Last week, I read an article about Latent Semantic Indexing (javelina.cet.middlebury.edu/lsa/out/lsa_intro.htm)
which has been stewing in my mind ever since. I thought I’d sit down
and make a link to it here, and as I started the search for the article I
realized that I should have bookmarked it. So I thought, “Maybe I
did bookmark it, but just forgot.” I looked in my bookmarks
list, and there were five or six unrecognizable links there. So, I headed
back to Google and restarted the longer-than-it-needed-to-be process of
relocating the article.
I don’t know why I’ve never taught myself to use bookmarks effectively. If I remember correctly, they’ve been around since the first version of Mosaic that I used several years ago. It’s probably largely a result of laziness, though I don’t think that’s the whole story. I think it’s mostly driven by the way I use the web. It’s very rare that I load up my browser with the specific intent of visiting one page on the internet. My typical information-addicted browsing scenario (I optimistically and euphemistcally refer to it as "checking my email") starts with scanning the messages from the various mailing lists I’m subscribed to. Usually one or more messages will catch my eye. Some will contain URLs that I will follow. Some contain a subject I want to follow up on, which leads me to a search engine. Some just get me thinking about something that may or may not even be related.
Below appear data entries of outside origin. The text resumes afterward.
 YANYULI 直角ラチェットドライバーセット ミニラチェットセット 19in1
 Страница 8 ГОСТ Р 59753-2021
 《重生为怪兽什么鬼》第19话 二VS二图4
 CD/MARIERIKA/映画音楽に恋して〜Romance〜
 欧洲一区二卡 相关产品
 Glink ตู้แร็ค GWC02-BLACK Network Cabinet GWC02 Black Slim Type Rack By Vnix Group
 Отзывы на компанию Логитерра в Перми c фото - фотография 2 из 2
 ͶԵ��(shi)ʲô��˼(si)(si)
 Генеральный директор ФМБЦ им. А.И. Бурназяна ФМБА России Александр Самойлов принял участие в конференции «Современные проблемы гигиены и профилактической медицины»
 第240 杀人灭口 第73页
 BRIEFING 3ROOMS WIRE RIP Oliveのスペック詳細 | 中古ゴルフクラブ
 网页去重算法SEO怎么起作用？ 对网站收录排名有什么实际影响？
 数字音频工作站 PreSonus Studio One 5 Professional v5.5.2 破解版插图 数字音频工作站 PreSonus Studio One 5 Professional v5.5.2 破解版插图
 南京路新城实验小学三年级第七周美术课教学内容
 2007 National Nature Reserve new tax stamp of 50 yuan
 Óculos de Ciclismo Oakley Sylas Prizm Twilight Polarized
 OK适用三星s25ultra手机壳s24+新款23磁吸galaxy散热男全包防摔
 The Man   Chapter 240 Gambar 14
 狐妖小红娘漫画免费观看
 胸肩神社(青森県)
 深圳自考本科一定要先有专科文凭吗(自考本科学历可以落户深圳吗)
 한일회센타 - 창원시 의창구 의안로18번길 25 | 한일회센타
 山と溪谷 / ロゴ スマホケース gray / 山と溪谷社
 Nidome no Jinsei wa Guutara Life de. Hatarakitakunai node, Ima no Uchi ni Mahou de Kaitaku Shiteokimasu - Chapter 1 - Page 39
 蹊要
More often than not, the initial scan of my inbox leads to the spawning of multiple unrelated threads. For example, I might have several browser windows dedicated to a linguistics topic, a couple loading up BusinessWeek and Forbes, and a third set pointing to something related to Ruby programming. And, from here, the same behaviour that got me started comes into play. Each new page has the potential of forking off several new threads on potentially unrelated topics. It’s a potentially infinite recursive loop.
If I tried to bookmark all this stuff, I would spend as much time bookmarking and organizing as I do reading the content. Interestingly, the topic of this post, which has led me into this explanation of why I don’t use bookmarks is itself a potential solution to the problem.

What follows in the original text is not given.